Task instructions
Starting at the line that contains "Moodo Svetr s rolákem vínový Moodo", transcribe every remaining line of the data below exactly, and omit all pictures.

--- Available data Enclosed Below ---

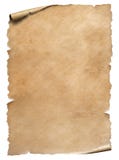 Vieille feuille de papier us?e d'isolement sur le blanc images libres de droits Vieille feuille de papier us?e d'isolement sur le blanc images libres de droits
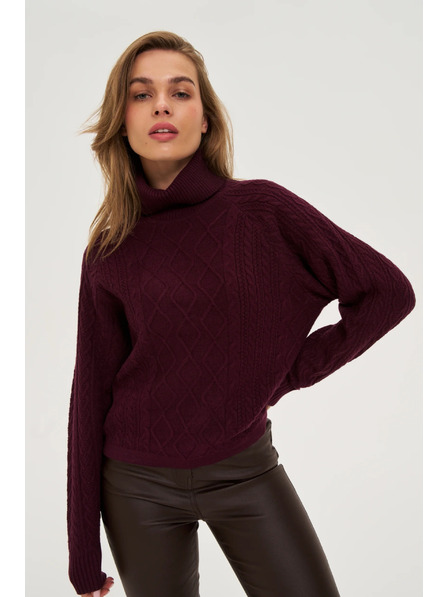 Moodo Svetr s rolákem vínový Moodo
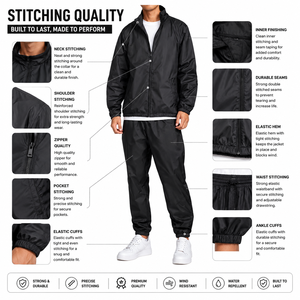 Men's Tracksuit Activewear Windbreaker Jogging <b>Suit</b> Full Top Set Custom Logo Custom Manufacturer 100%Nylon <b>For</b> <b>Sale</b> - Product Image 5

--- End of Enclosed Available data ---

Response box
 Moodo Svetr s rolákem vínový Moodo
 Men's Tracksuit Activewear Windbreaker Jogging <b>Suit</b> Full Top Set Custom Logo Custom Manufacturer 100%Nylon <b>For</b> <b>Sale</b> - Product Image 5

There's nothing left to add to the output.